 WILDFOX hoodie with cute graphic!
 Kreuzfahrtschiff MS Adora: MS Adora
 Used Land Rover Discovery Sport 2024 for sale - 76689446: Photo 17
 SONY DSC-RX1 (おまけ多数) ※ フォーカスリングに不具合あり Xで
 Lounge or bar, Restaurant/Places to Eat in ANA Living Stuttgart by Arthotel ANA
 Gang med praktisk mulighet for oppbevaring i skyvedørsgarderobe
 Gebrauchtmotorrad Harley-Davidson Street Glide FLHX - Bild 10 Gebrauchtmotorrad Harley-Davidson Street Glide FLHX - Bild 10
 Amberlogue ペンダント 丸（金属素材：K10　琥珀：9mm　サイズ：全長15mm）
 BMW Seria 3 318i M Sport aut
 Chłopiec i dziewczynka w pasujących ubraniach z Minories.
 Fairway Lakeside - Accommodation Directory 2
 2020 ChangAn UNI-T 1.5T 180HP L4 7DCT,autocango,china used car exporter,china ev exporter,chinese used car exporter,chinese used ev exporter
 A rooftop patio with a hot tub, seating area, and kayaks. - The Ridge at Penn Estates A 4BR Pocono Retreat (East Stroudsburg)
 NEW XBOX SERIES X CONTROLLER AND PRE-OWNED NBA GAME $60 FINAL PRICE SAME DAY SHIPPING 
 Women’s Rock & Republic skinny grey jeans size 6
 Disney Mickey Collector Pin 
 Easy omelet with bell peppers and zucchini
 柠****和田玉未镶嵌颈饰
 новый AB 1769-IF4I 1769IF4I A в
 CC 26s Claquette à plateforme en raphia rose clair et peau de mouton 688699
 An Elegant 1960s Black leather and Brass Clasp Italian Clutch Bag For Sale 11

### What is needed
Only the lines from the start of the material through the line bearing "Fairway Lakeside - Accommodation Directory 2" are needed, restated exactly, with both end lines included.

### Solution for this exercise
 WILDFOX hoodie with cute graphic!
 Kreuzfahrtschiff MS Adora: MS Adora
 Used Land Rover Discovery Sport 2024 for sale - 76689446: Photo 17
 SONY DSC-RX1 (おまけ多数) ※ フォーカスリングに不具合あり Xで
 Lounge or bar, Restaurant/Places to Eat in ANA Living Stuttgart by Arthotel ANA
 Gang med praktisk mulighet for oppbevaring i skyvedørsgarderobe
 Gebrauchtmotorrad Harley-Davidson Street Glide FLHX - Bild 10 Gebrauchtmotorrad Harley-Davidson Street Glide FLHX - Bild 10
 Amberlogue ペンダント 丸（金属素材：K10　琥珀：9mm　サイズ：全長15mm）
 BMW Seria 3 318i M Sport aut
 Chłopiec i dziewczynka w pasujących ubraniach z Minories.
 Fairway Lakeside - Accommodation Directory 2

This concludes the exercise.